The city government of Hollywood, Florida, on behalf of residents who don’t like to have certain kinds of Jews as neighbors, is using zoning laws to harass the Jews while it leaves members of other religious groups alone.
The Jews voted with their dollars and their feet to live and worship in Hollywood. Their neighbors are free to leave if they don’t like the situation, but instead are using the city’s legal muscle to try and keep the newcomers out. (Religious Jews always live near their synagogues, so forbidding synagogues in residential areas makes it difficult for religious Jews to live in those areas.)
There would be an outcry and lawsuits if any American city tried such tactics against blacks or gays or members of other minority groups. What’s different here? Nothing, except that the Jews in question are a very small minority and Hollywood thinks it can get away with pushing them around. This is an appropriate occasion for an anti-discrimination suit against the City, and it’s nice to hear that the Chabad people are planning one.

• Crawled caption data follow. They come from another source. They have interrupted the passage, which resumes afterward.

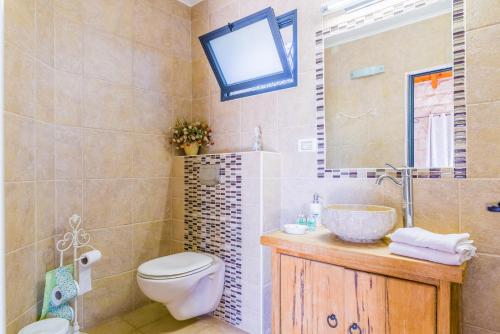 a bathroom with a toilet and a sink and a mirror at Alon Bagalil in Kahal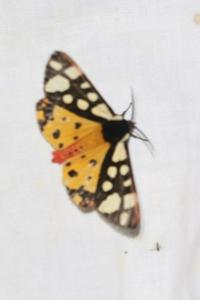 <i>Arctia villica</i>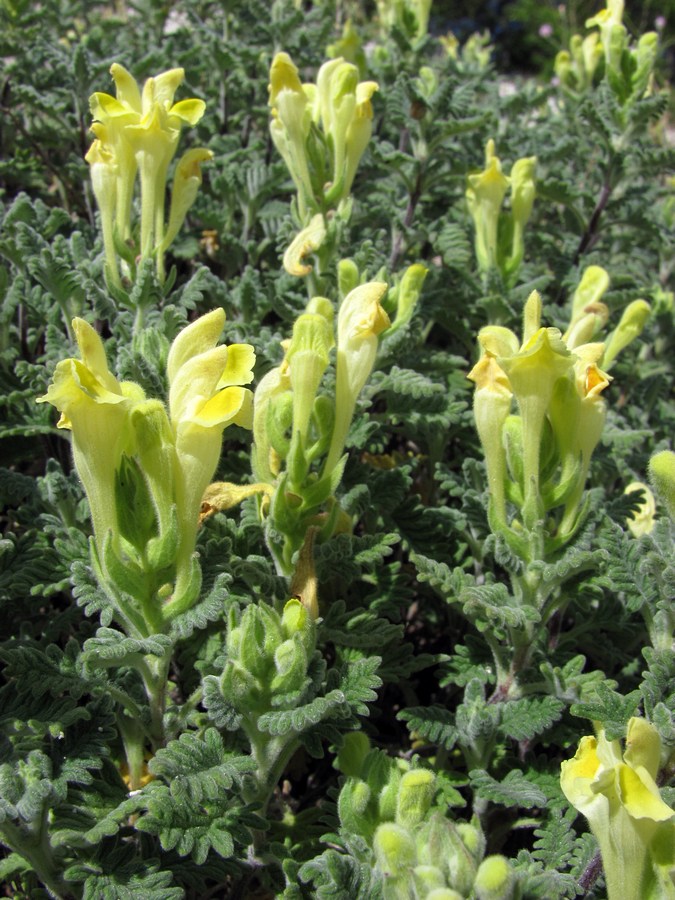 Изображение особи Scutellaria orientalis.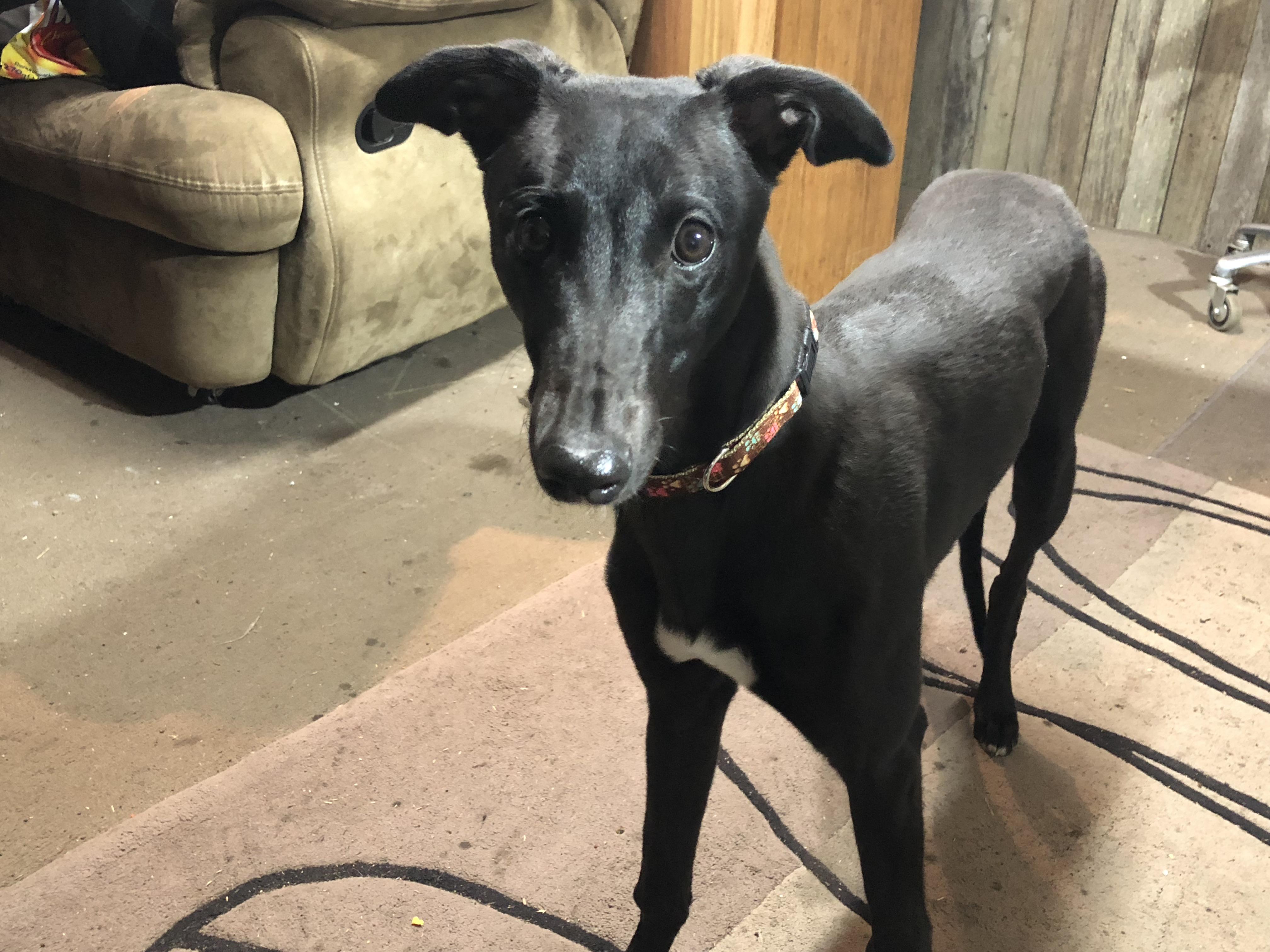 So hard to get a front on picture of a noodle horse. Can’t wait for her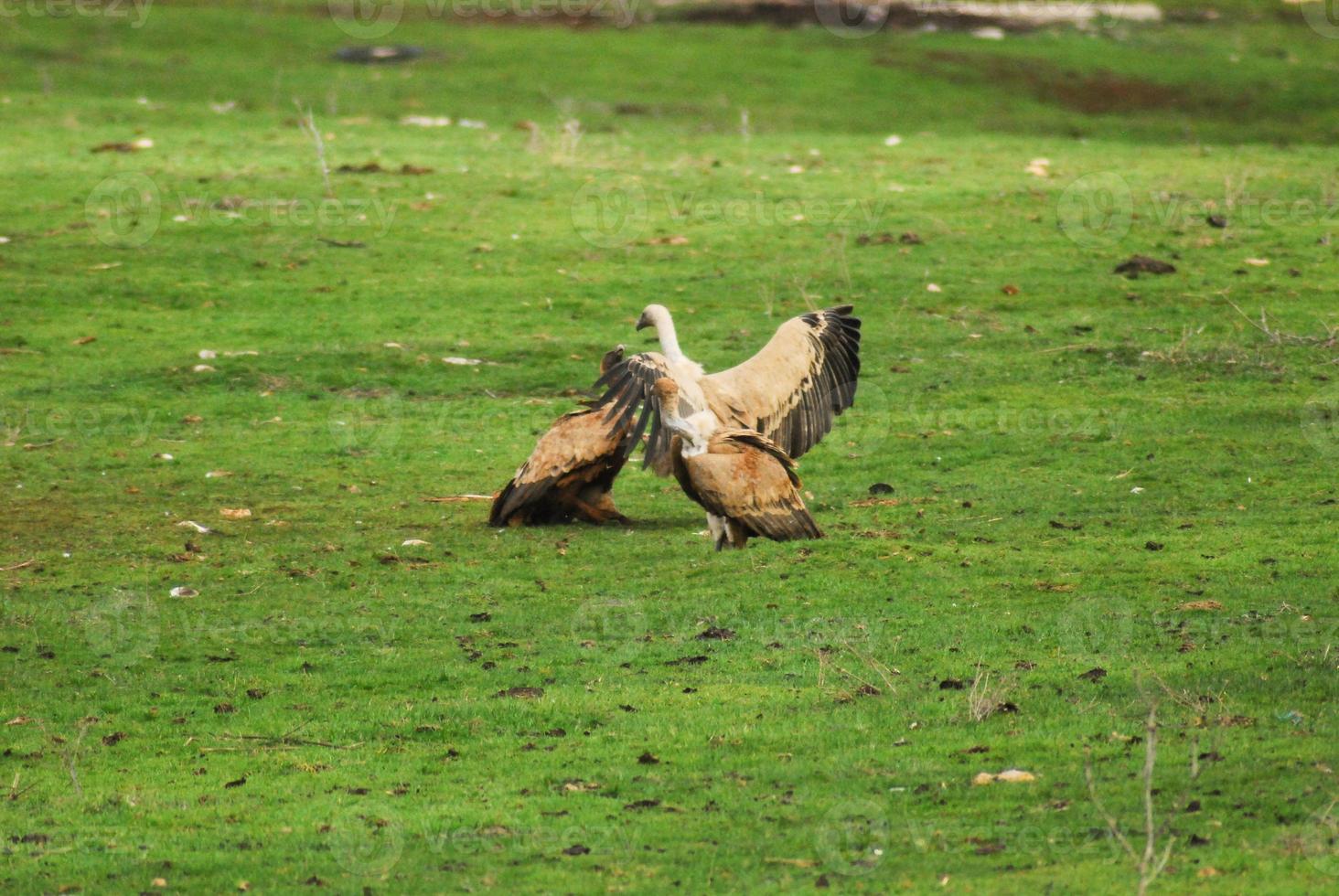 buitres peleando por comida foto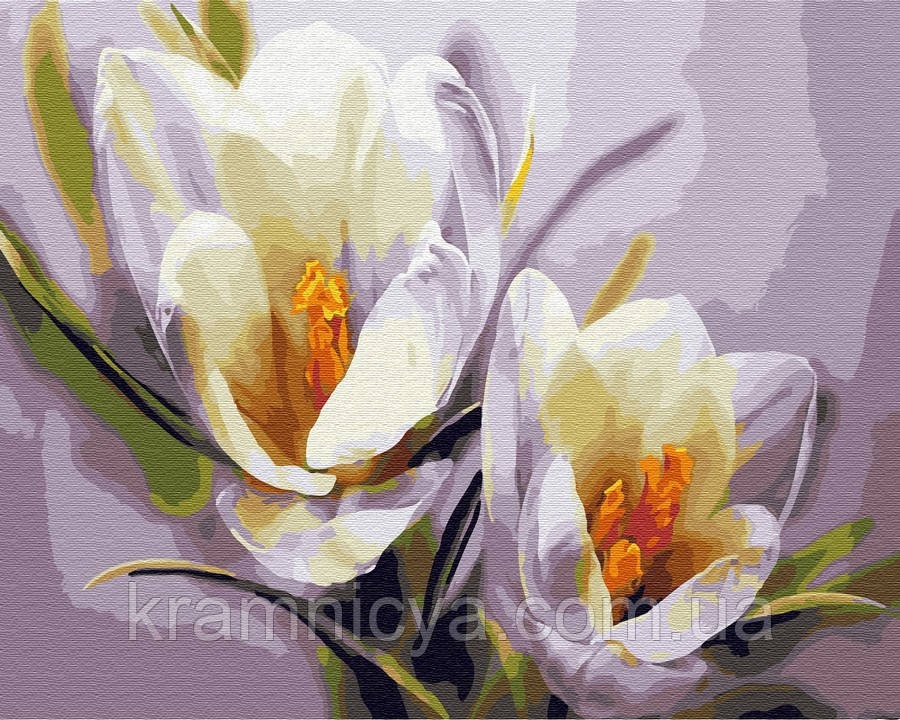 Картина за номерами Brushme Крокуси, 40х50 (GX5828)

The mayor of Hollywood is trying to protect herself and her cronies by vigorously supporting anti-religious zoning restrictions, but insisting, somewhat belatedly, that they be applied evenhandedly. No thanks. One of the main problems with such restrictions is that it’s easy for cities to get away with not applying them evenhandedly. That’s part of why they are useful to politicians. Hollywood is only vulnerable here because it applied its own rules in such a heavy handed and blatantly discriminatory way as to make its adversaries’ case for them; the City might well have gotten away with it if its officials had been a bit more subtle and tactful. And who is the mayor of Hollywood, an ex-social worker, to say that organized religious observance is inappropriate in residential neighborhoods? That kind of arrogance in government officials is a much bigger problem than are low-key Sabbath gatherings in people’s residences.